▸ **WHAT THE TASK REQUIRES**: With the images removed, write out every line below exactly.

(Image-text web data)
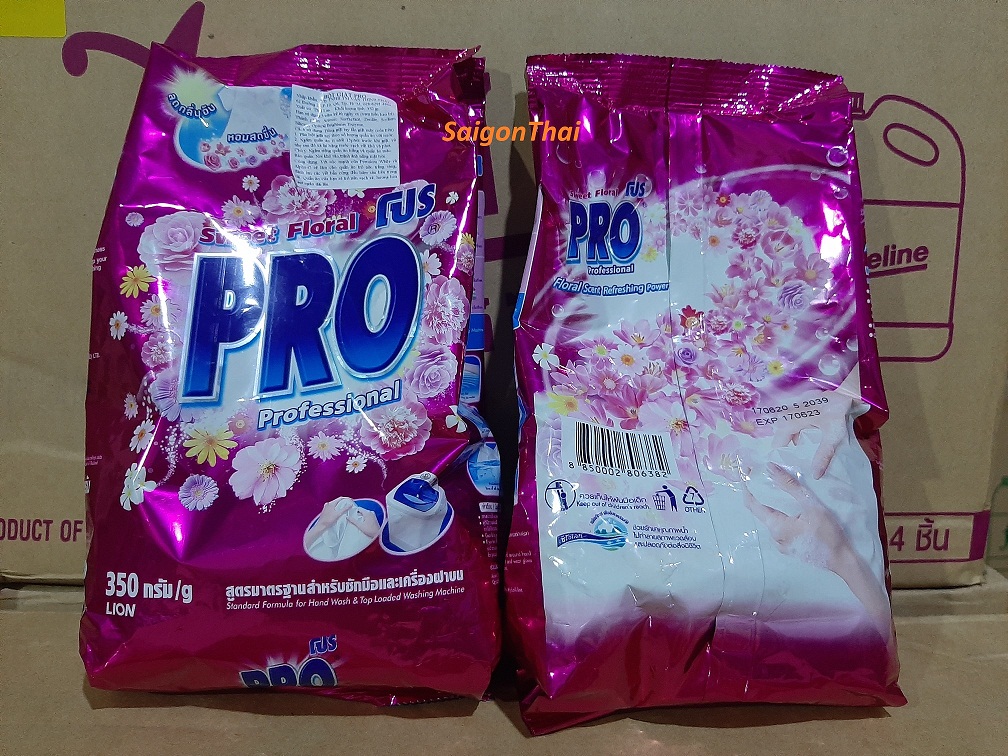 (SGT) Bột giặt PRO250gr - hàng Thái Lan LION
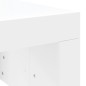 vidaXL Mesa de centro madera de ingeniería blanco 102x50x36 cm vidaXL Mesa de centro madera de ingeniería blanco 102x50x36 cm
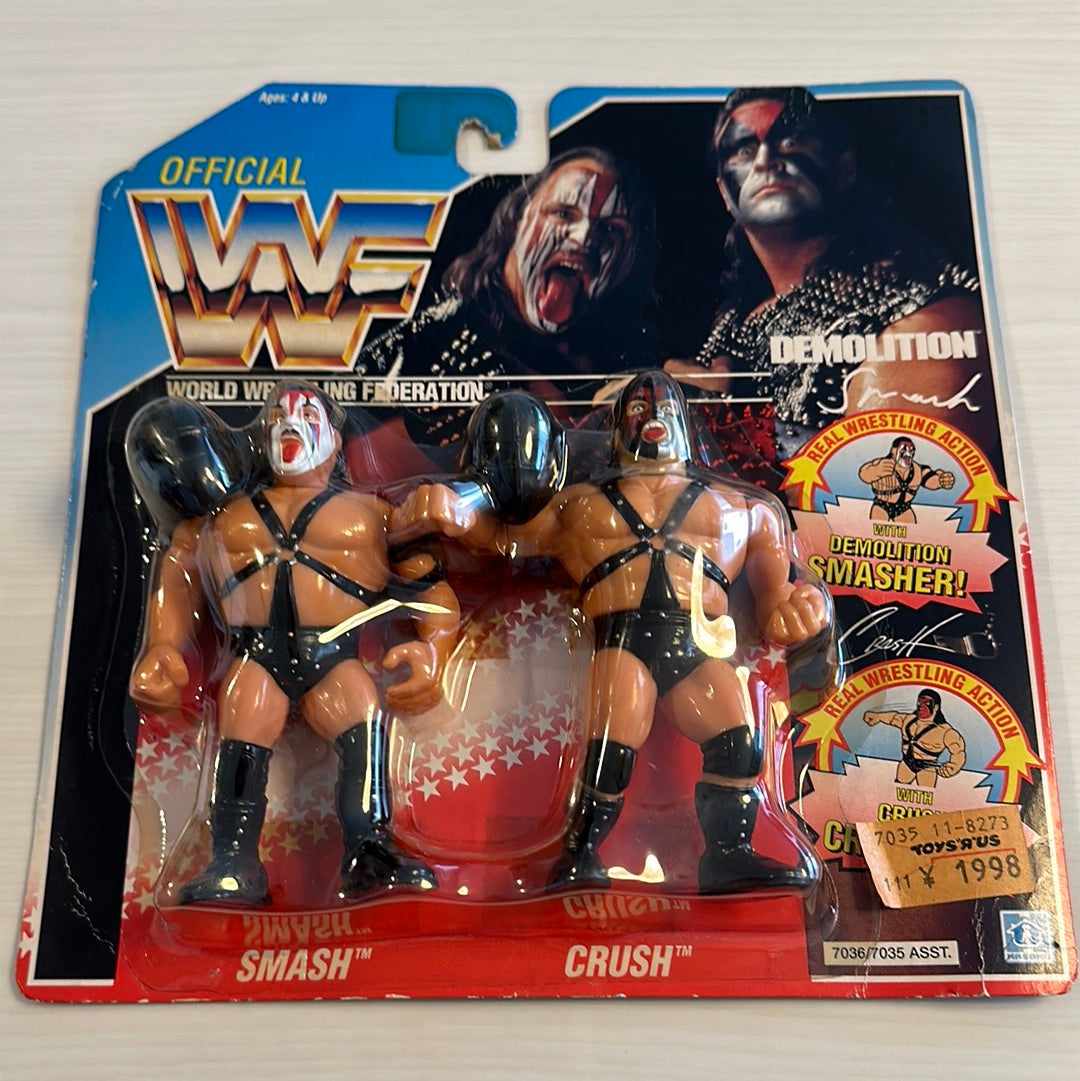 Demolition Series 2 WWF Hasbro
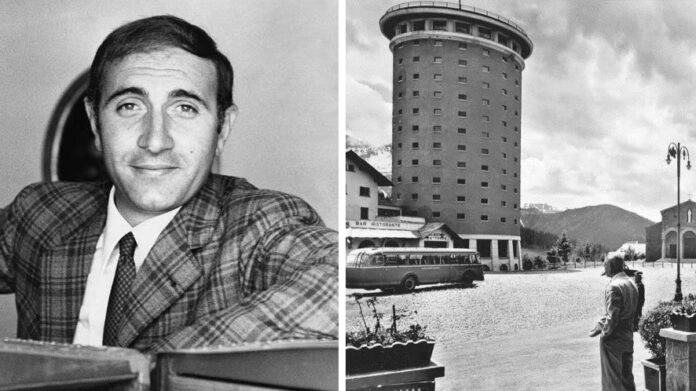 Pippo Baudo a Sestriere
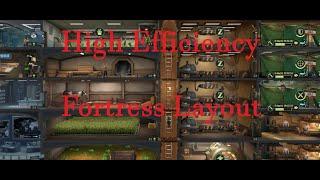 Fortress Layout Guide - High Efficiency | Last Fortress: Underground | Walkthrough | Tutorial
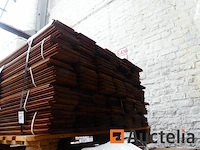 Ref:num inv : 45 - 176 exotische parketplaten - afbeelding 7 van  8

▸ **SOLUTION TO THIS EXERCISE**:
 (SGT) Bột giặt PRO250gr - hàng Thái Lan LION
 vidaXL Mesa de centro madera de ingeniería blanco 102x50x36 cm vidaXL Mesa de centro madera de ingeniería blanco 102x50x36 cm
 Demolition Series 2 WWF Hasbro
 Pippo Baudo a Sestriere
 Fortress Layout Guide - High Efficiency | Last Fortress: Underground | Walkthrough | Tutorial
 Ref:num inv : 45 - 176 exotische parketplaten - afbeelding 7 van  8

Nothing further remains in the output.